> [Task]: A faithful copy of all the data is required; pictures should not be included.

===== Dataset extract

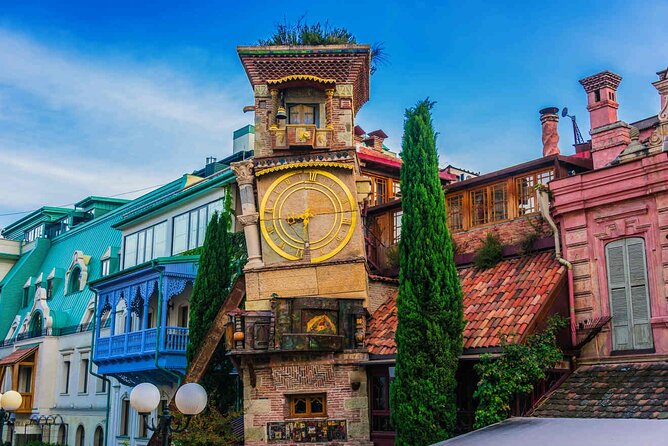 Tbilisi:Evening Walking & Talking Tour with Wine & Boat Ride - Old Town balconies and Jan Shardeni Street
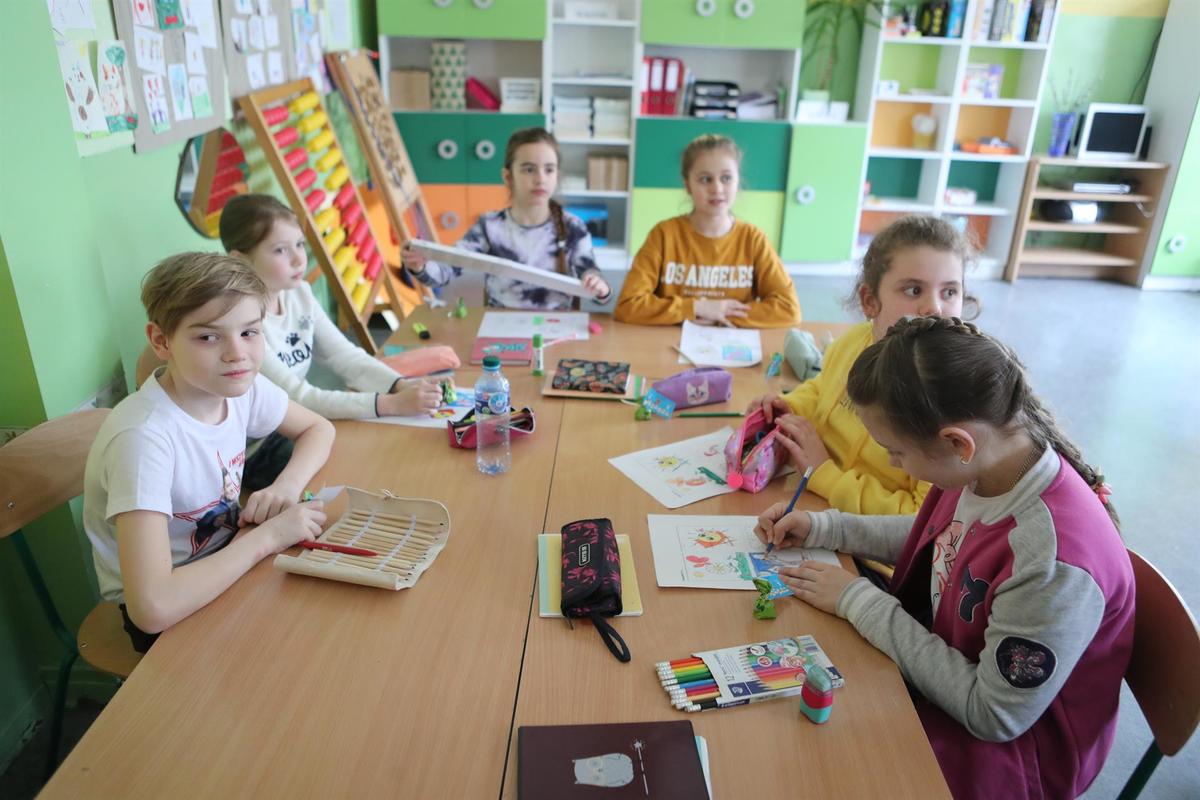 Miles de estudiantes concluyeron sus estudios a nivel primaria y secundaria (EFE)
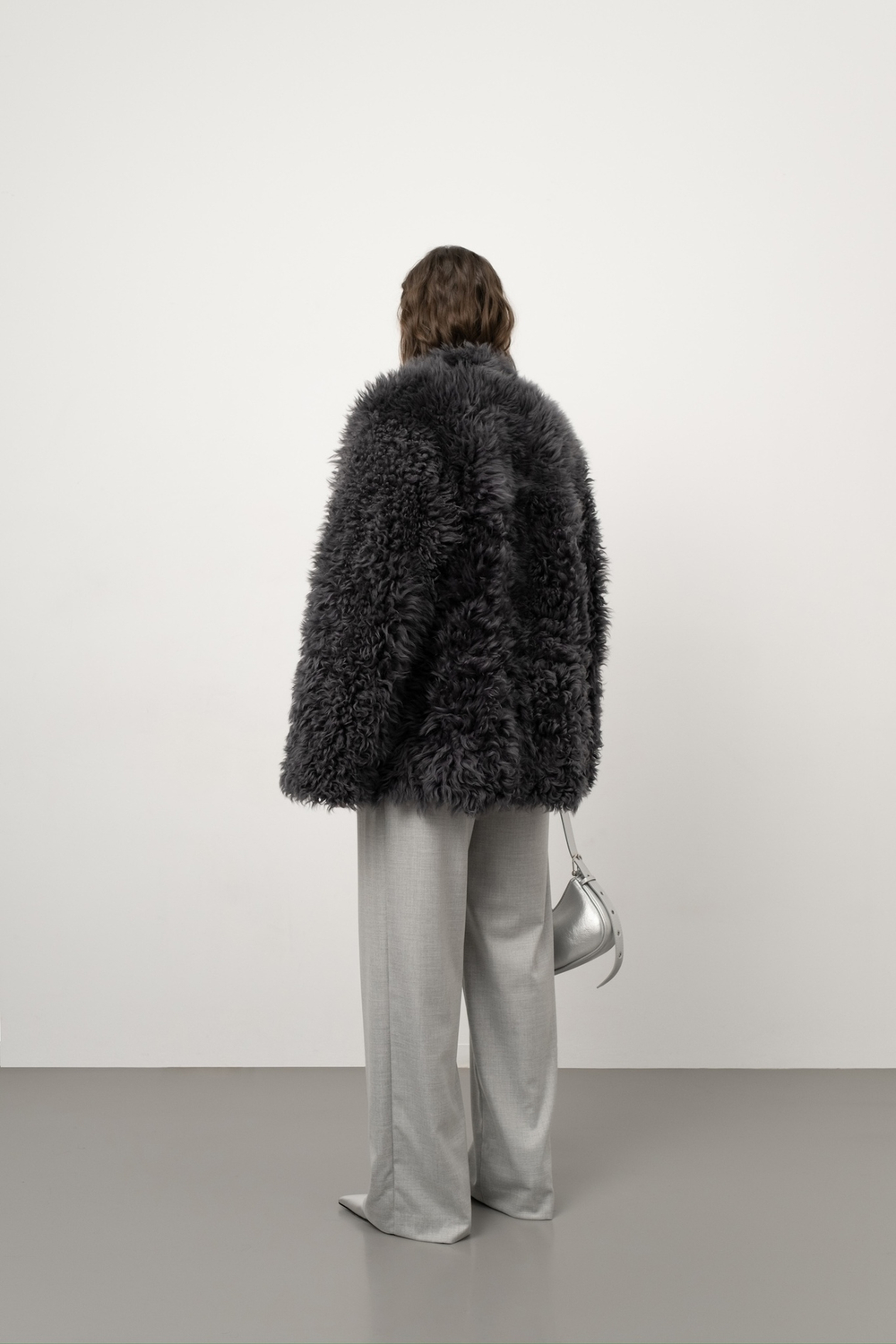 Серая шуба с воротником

==========

> [Solution]:
 Tbilisi:Evening Walking & Talking Tour with Wine & Boat Ride - Old Town balconies and Jan Shardeni Street
 Miles de estudiantes concluyeron sus estudios a nivel primaria y secundaria (EFE)
 Серая шуба с воротником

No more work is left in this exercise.